TikTok Users Sue U.S. Government, Cite Free Speech

TikTok content creators have filed a lawsuit against the U.S. government, alleging the possible ban of the social media platform infringes upon the First Amendment.

The petitioners include a Texan rancher, a sports commentator, skincare business owners, an LGBTQ advocate from Arizona, and others.

According to the lawsuit, TikTok provides users a “unique and irreplaceable means to express themselves and form community.”

“They bring this lawsuit to preserve their First Amendment rights and the rights of countless others, which are threatened by the Protecting Americans from Foreign Adversary Controlled Applications Act,” the suit reads.

Last month, President Joe Biden signed legislation that compels TikTok’s parent company to sell its operations in the U.S. or face a ban.

“The First Amendment to our Constitution precludes Congress from censoring speech because of its content, viewpoints, editorial practices, or identity of speakers or publishers,” the lawsuit adds. “To the extent the government may claim the Act’s ban is necessary to protect Americans’ data, it has tried that strategy before and lost.

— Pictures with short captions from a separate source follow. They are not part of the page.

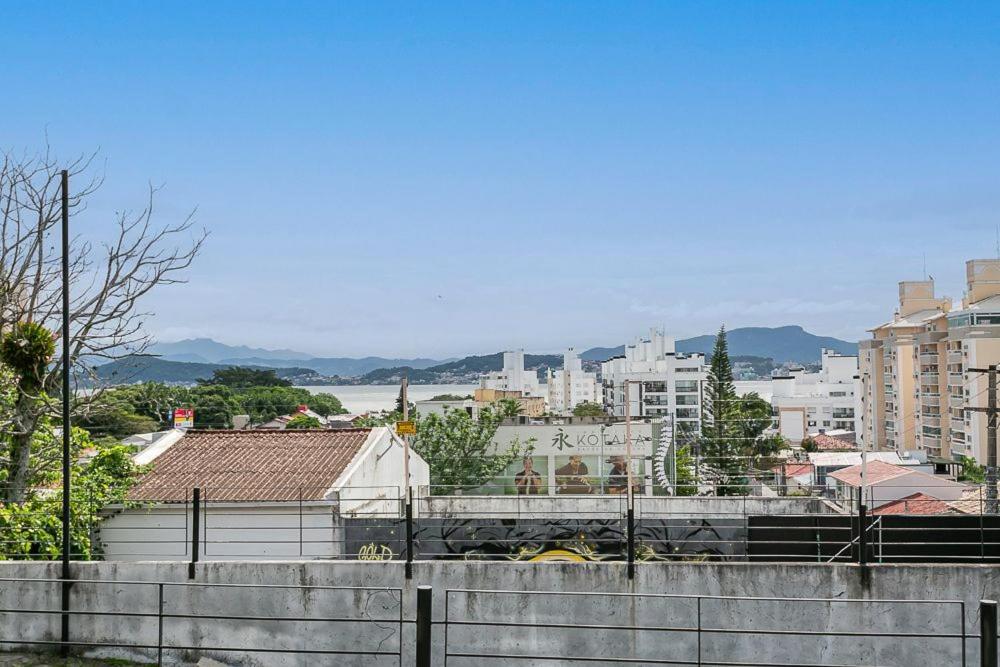 Casa Próximo ao Centro com Vista para o Mar.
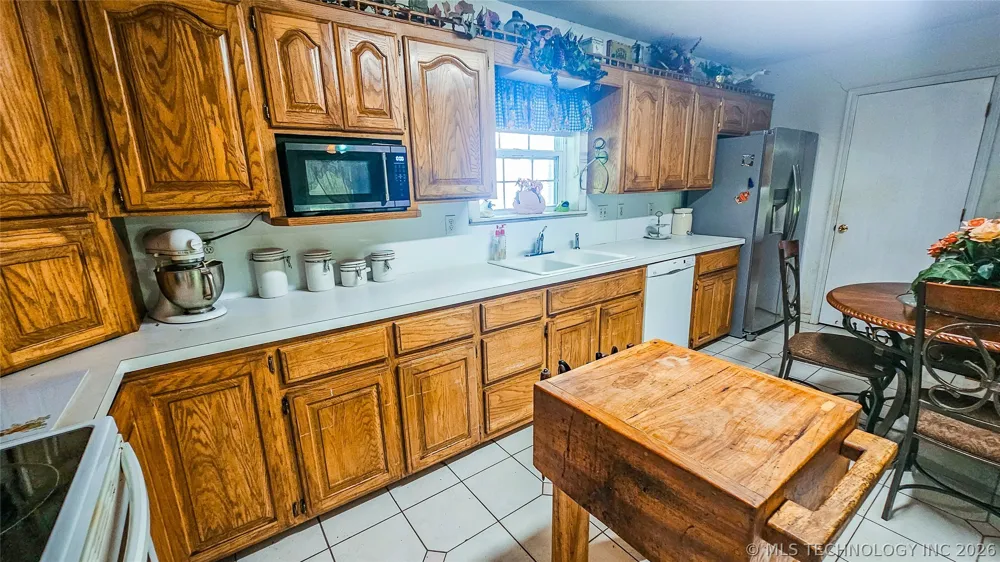 421975 E 1155 ROAD Eufaula, OK 74432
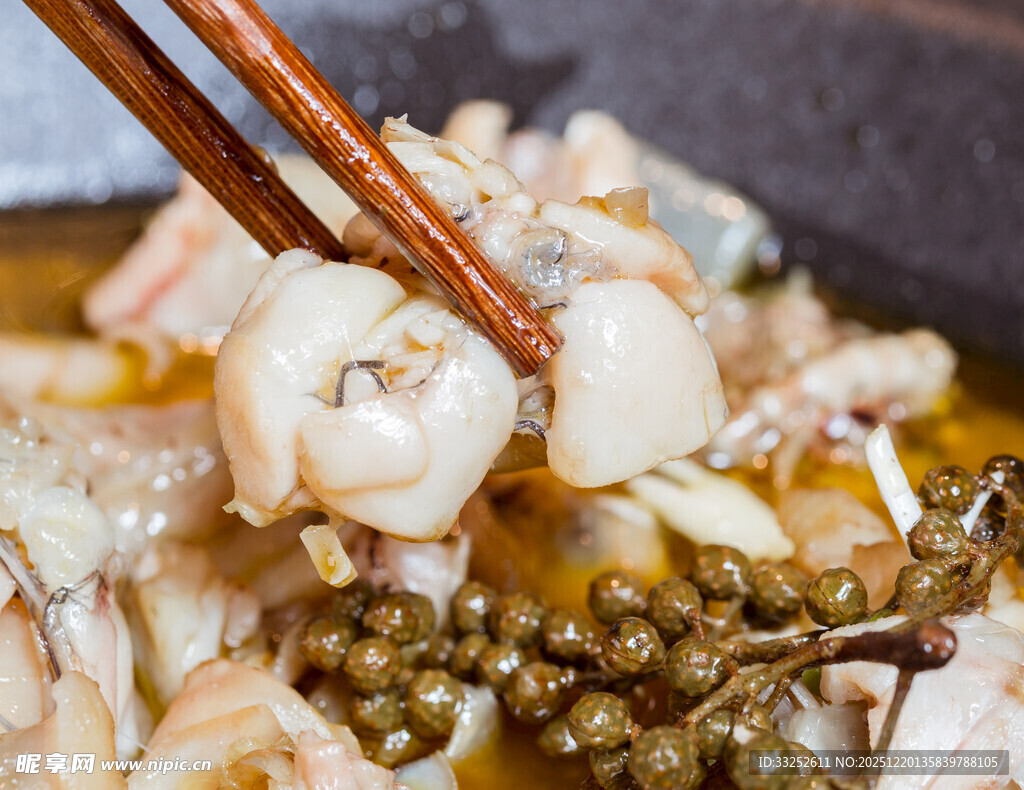 筷子夹起的牛蛙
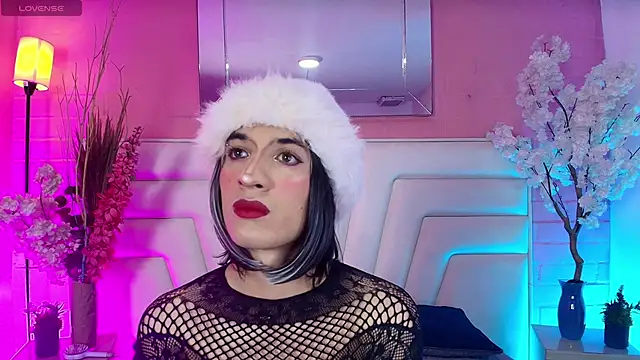 Snapshot of Izzy_foxxy chatting on 03-26-26, 05:02 Izzy foxxy online show from 03-26-26, 05:02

Two federal district courts have found that such concerns do not justify a ban. And rightly so. The concerns are speculative, and even if they were not, they could be addressed with legislation much more narrowly tailored to any purported concern.”

Petitioners have requested that the court declare the Act unconstitutional and affirm their First Amendment rights.

The lawsuit follows another suit brought against the U.S. government by the social media platform.

“There is no question: the Act will force a shutdown of TikTok by January 19, 2025, silencing the 170 million Americans who use the platform to communicate in ways that cannot be replicated elsewhere,” the lawsuit reads, according to The Daily Mail.

The suit notes that TikTok has spent $2 billion in security measures to protect U.S. user data.

It adds that the Chinese government has “made clear that it would not permit a divestment of the recommendation engine that is a key to the success of TikTok in the United States,” the lawsuit states, meaning that the Chinese Communist Party (CCP) would not allow the sale of the algorithm that highlights the platform’s success.

“China also enacted an additional export control law that ‘gives the Chinese government new policy tools and justifications to deny and impose terms on foreign commercial transactions,’” the filing explains, suggesting that the social media site does not operate independently of the CCP. “China adopted these enhanced export control restrictions between August and October 2020, shortly after President Trump’s August 6, 2020 and August 14, 2020 executive orders targeting TikTok.”